The exercise raises a few interesting notions regarding compatibility, language standards and extensibility. The interpreter variant developed during exercise 4.31 should be able to run all standard scheme programs (using eager evaluation), but would have the additional capability of applying lazy evaluation to specified parametres. This means the hypothetical users of the interpreter from exercise 4.31 would not be taken by surprise when they tried standard scheme programs, in addition the upwards-compatibility would perhaps also make it easier to maintain a “real” metacircular lazy(-extended) interpreter, as the underlying changes to scheme would “ripple through” better due to the acceptance of standard eager programs. While memoization is an interesting topic, it’s not relevant here.

Description of the Solution Strategy

Having already developed a wholly lazy interpreter earlier in chapter 4.2, the exercise isn’t primarily about the implementation of laziness in general, but about changing the implementation so that the laziness becomes optional and the use of it specified through additional syntax. This also makes the new interpreter more versatile, since it allows for wholly lazy functions, wholly eager functions, and mixed-evaluation functions.

Crucially, the exercise states to “implement new syntax procedures to handle the new syntax for define”, “arrange for eval or apply to determine when arguments are to be delayed” and “force or delay arguments accordingly”. In order to get the laziness itself up and running before also adding in whether to memoize or not, I decided to start off by implementing an interpreter variant only allowing non-memoized laziness. But while the exercise text mentions handling the new syntax for define, is it really a new syntax for define?

After all, while scheme accepts definitions on the following format:
(define (f  . args) )
Those definitions are actually syntactic sugar for:
(define f (lambda args ))

A final note in this section: the mention of “arrang[ing] for eval or apply to determine when arguments are to be delayed” caused me to look through those two functions, and the main change to eval in the lazy interpreter was the dispatch to the actual-value function before handing applications over to the apply function. It didn’t seem like eval needed any further changes to accommodate the optionally-lazy approach. At the same time, it seemed self-evident that a new way of treating argument lists would be necessary, since those might be mixed. (And in the wholly lazy interpreter, the argument lists are handled in apply.)

The Einstellung Happens

I wanted the new implementation to allow the specification of lazy parametres in lambdas as well, since that’s what’s really going on. My worry was that if the laziness got implemented at the define-level, then it might not “carry down” so lambdas could also have lazy parametres. And, having realized that, I ended up pondering just where in the system the laziness would enter. After all, a define is just a declarative variable binding, and a lambda is a function definition but not the actual procedure that eventually gets evaluated — it’s the recipe, but not the meal itself, and since laziness is an evaluation mode, it seemed obvious that the appropriate level for the laziness was at the procedure level.

So I made some very odd changes (I have since overwritten and don’t have a copy of) to the make-procedure function along with a few changes to the way apply handled compound procedures, as well as supplying a set of basic syntax handlers for parametres.
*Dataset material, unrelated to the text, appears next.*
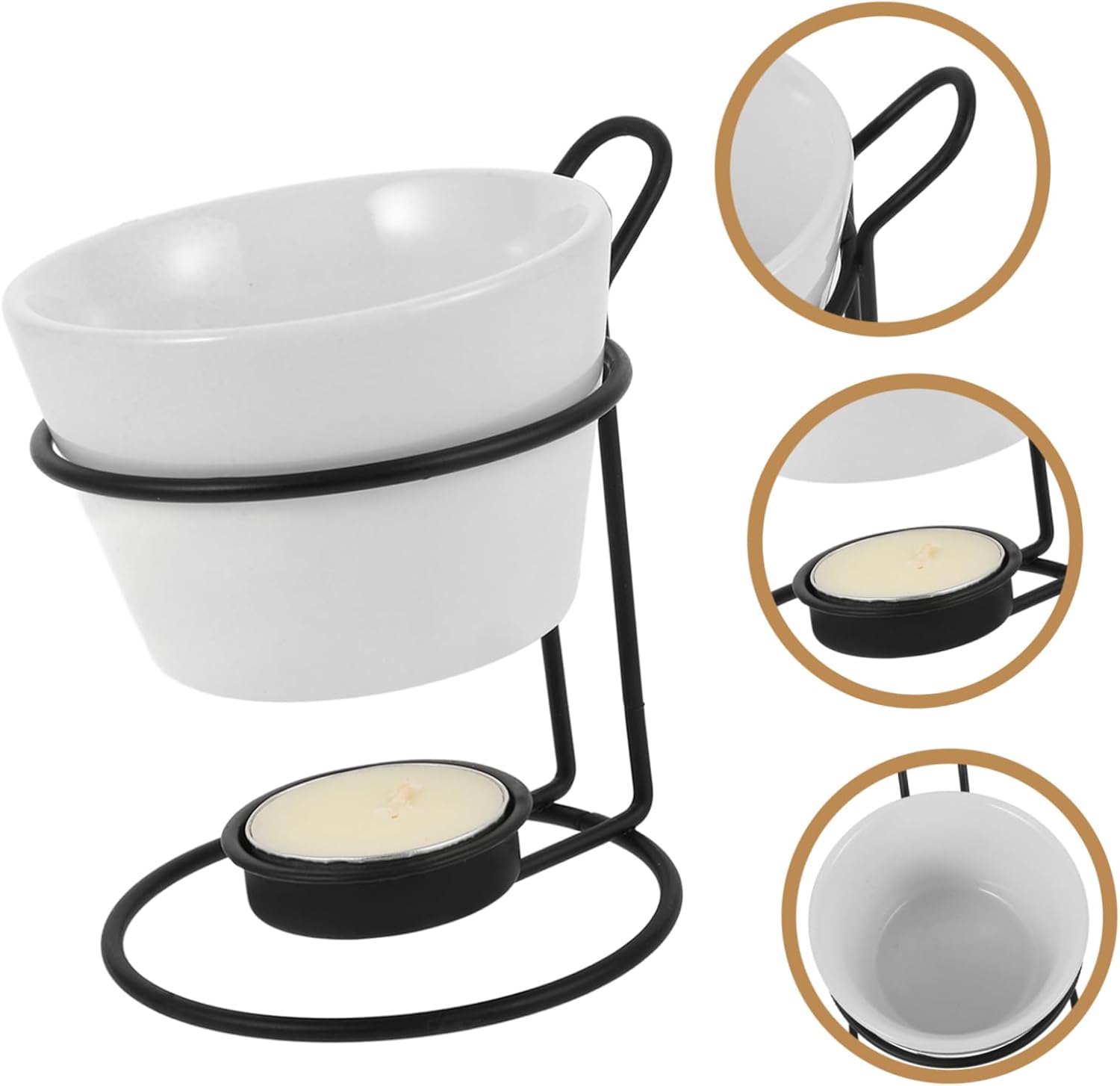 Butter Warmer for Cheese Chocolate Ceramic Fondue Pot Set Iron Rack Easy to Use Store for Daily Needs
Then, thinking I had completed the exercise, I fired up the interpreter for a test run.

;;; L-Eval input: 
(define (sq (b lazy)) (* b b)) 

;;; L-Eval value: 
ok 

;;; L-Eval input: 
(sq (+ 2 2)) 
;Unbound variable b

Apparently not. But where was I wrong? I was obviously wrong about something, since the implementation didn’t work. I tried to backtrack: was there some other place in the system where the laziness could be more appropriately handled than in the procedures themselves? I looked through my code, and no, it made sense that the procedures would be the points of laziness. And my function for handling mixed argument lists looked okay as well. Since the procedure had access to its own parameter list, the information about lazy specification hadn’t just disappeared from the system through the void. So I looked through the list of sub-systems mentioned in the exercise text again, and those were the same ones as I had addressed. Where had I gone wrong?

I spent half an hour pondering the problem, but making no headway: I just walked around in circles, and the only way I managed to envision an alternative to the procedure-focused implementation seemed like they would result in being unable to use the lambda-style function declarations, which wasn’t desirable. I continued looking through the exercise text, and the changes I had implemented, and simply grew more and more confused.
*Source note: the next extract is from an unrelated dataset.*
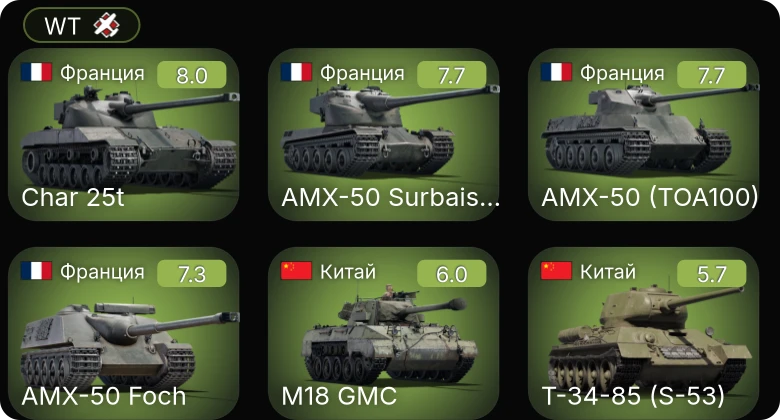 WT — 5 ранг: 4шт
Realizing that I was stuck and suffering from Einstellung, I decided to turn my attention to something else in an attempt to clear my mind and hopefully be able to attack the exercise from a different angle afterwards and fired up a video game. Then, after half an hour, I returned to the exercise and found that… the same obviously wrong solution was still the only one I managed to think of.

At that point I was so very confused and curious that I gave in and looked up a solution online. And to my surprise some of those solutions had made changes to parts of the interpreter not mentioned in the exercise text, e.g. to make-frame. And other solutions again mostly made changes to apply and the mixed argument list handling, meaning they didn’t do anything in particular with how functions, lambdas or procedures were handled apart from during the apply call. But none of those varied angles even occurred to me when I sat there struggling with my Einstellung: the one solution path I had found blocked out all the others. After all, I had a solution approach in mind already, and the steps leading towards it were still firing brightly in my mind.

Analysis

With some days’ distance to the Einstellung now, meaning it has diedin the meantime, and having had some time to ponder the various solutions I found online, I have a few interesting observations: For one, I was fairly close in my solution attempt. The appropriate level is indeed at the procedure level, and the mixed argument list was also a good find. The biggest error with my solution approach was that I forgot to clean up the formal parametres of the procedure so that the variables could be bound in its environment. E.g. “unbound variable b” probably also came with an implicit “but bound variable (b lazy)”. Or, at least, that was the big piece missing. The changes to make-procedure were either superfluous or they messed up things further.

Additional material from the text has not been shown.